An “incredible innovation market” is how John Flannery, President and Chief Executive Officer of GE Healthcare, sees India as the company takes its locally made affordable products beyond emerging markets into developed markets as well.

“Everybody is managing the same basic equation whether you are in New York or Africa or India. They are trying to deal with the best outcome at a manageable cost and they are trying to deal with this data explosion, deal with mobility. Those things are pretty consistent everywhere,” Flannery told BusinessLine, on Tuesday. While it is early days yet, he says this “Sustainable Healthcare Solutions” (SHS) business is poised for greater growth in other markets, such as the US, as well.

Illustrating why these products are making headway, he says the locally made CT imaging machine is “40 per cent less expensive than the product could be anywhere else in the world; it consumes 50 per cent less electricity, has a substantially smaller footprint — so it can fit in many places — and the scan time is 28 per cent faster, so you can get more throughput.” These products are fundamentally “transformative” because of the cost and some degree of access, he points out.

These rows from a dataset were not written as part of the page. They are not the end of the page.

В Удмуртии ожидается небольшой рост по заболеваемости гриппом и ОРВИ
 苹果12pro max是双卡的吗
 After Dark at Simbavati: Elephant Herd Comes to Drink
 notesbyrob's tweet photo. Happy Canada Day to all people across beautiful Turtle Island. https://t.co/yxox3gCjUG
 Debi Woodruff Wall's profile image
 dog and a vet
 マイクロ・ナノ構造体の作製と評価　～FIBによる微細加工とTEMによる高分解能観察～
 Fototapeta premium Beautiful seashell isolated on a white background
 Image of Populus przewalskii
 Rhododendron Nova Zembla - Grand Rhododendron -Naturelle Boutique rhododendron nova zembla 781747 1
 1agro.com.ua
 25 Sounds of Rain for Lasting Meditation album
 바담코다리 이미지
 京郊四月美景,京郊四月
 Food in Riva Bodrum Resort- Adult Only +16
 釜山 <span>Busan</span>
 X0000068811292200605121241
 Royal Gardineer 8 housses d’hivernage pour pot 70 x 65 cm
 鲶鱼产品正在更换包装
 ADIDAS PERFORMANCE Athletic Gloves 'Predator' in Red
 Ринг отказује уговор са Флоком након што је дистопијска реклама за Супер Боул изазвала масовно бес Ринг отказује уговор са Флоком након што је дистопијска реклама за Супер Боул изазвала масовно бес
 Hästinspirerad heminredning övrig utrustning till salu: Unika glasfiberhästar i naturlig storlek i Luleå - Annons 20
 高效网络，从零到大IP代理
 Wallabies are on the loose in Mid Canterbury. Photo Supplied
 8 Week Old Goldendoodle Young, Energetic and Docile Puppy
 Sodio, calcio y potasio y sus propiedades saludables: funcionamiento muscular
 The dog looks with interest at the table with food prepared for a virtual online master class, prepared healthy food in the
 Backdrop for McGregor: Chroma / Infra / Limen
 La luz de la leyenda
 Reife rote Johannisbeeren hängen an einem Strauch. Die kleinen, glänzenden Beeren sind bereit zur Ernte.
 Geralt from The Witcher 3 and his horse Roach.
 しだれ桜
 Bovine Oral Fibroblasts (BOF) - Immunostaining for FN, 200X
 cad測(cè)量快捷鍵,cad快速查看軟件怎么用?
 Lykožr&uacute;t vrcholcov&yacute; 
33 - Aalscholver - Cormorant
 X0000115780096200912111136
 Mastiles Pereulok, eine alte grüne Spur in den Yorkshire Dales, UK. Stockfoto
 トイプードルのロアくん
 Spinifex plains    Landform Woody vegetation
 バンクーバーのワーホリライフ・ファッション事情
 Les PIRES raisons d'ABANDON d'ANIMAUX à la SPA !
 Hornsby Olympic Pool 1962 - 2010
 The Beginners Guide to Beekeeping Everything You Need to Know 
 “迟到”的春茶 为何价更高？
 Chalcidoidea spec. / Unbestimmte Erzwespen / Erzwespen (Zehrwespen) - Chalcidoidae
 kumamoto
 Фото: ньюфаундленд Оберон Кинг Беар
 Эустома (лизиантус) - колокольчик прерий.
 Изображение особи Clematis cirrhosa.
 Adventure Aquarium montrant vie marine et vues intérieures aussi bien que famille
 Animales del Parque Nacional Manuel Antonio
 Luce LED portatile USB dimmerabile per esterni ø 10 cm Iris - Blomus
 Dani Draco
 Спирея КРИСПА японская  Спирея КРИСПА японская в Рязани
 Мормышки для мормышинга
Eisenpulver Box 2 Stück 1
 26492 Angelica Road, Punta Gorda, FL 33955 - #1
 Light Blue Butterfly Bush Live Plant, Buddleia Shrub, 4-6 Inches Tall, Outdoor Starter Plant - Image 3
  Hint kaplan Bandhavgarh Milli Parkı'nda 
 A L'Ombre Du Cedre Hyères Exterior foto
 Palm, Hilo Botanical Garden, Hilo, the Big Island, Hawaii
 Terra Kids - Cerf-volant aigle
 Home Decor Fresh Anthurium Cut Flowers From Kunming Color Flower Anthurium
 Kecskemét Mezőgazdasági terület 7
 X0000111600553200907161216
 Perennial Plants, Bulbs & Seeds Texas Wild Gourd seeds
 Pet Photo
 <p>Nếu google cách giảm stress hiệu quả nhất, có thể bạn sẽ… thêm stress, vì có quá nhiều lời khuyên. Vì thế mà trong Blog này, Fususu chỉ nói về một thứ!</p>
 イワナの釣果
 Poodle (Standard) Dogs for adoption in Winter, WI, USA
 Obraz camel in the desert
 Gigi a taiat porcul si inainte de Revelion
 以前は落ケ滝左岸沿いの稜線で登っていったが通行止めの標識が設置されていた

“We started this (SHS) last year. It’s one of the first things I did in this job once I took over the business,” he says, adding that the segment is the fastest growing in GE Healthcare’s overall business. “So it helps us in India but it really helps us globally as well,” he says.

Initially, GE Healthcare invested in this range of products, tailored for the local market, involving different technologies and different price points etc.

Since 2010, it has invested about $120 million in product development, and currently there are about 28 such products in the market.

“We’ve got another 14 products in the development cycle ... so, we have around 50 products globally that we have engineered and designed and developed in India. Those are selling well in India, (and) selling quite well globally as well,” he says.

Rising share

Putting it in perspective, Flannery says sales from these ‘made in India’ products accounted for 7 to 8 per cent of local sales a couple of years ago. “That was 14 per cent last year, 20 per cent this year and we expect it to become about 50/50 a few years down the road,” he added. GE Healthcare is growing at 20 per cent in India and expects to end calendar year 2016 with revenues of ₹5,000 crore, including exports from the South Asian region.